I mentioned earlier that you want a weaker ordering constraint for implementing a mutex. This is the main use case for the acquire-and-release constraints. They provide a pair of boundaries around a set of operations.
If one thread performs an acquire operation on an address and then a release operation, anything that happens between the two must be visible to other threads when they perform an acquire operation on the same memory address. More formally, this design guarantees that all loads written after the acquire actually take place after it, and that all stores written before the release are committed before the release.
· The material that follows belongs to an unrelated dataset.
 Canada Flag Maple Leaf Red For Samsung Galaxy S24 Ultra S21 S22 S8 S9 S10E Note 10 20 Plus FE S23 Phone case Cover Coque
When implementing a mutex, for example, you'll perform an acquire operation when locking and a release operation when unlocking. This approach ensures that any updates to data structures protected by the mutex are visible to other threads when they hold the mutex.
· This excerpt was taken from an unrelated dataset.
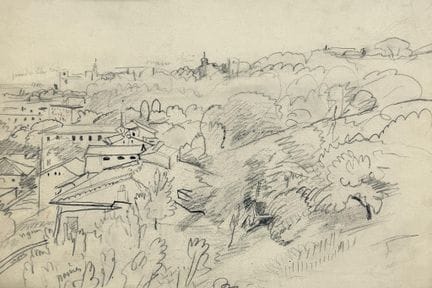 Jules FLANDRIN (1871-1947). 
Vista dai tetti di Ro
For efficiency, there are a couple of extra variants. One is consume. This is a (much!) weaker form of an acquire ordering. Like an acquire ordering, it ensures that loads reordered after it are not moved before it, but only in cases where they depend on that value. For example, if you perform a consume operation to load a pointer and then you dereference it, the dereferencing won't be moved before the consume.
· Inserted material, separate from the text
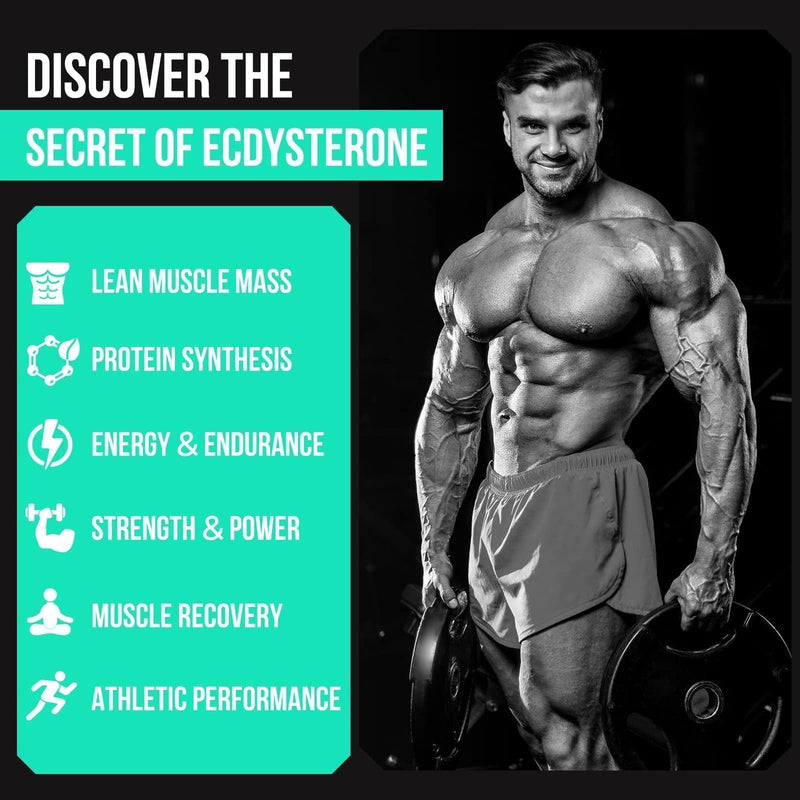 [Australia] - 1200MG Beta Ecdysterone Supplement, 98% Maximum Purity Ecdysterone Supplements for Lean Muscle Mass, Athletic Performance & Strength, 120 Capsules 60 Count (Pack of 2)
The other variant is a combined acquire-and-release. The rationale for including this in the specification proposed using a bitfield for a large set of locks as a use case. You would use a single acquire-and-release operation when updating a word in the bitfield. For example, you could protect every field in a structure with one bit in a bitfield, and then use a single compare-and-exchange operation with acquire-release semantics to release the locks on some fields, and acquire-and-release others.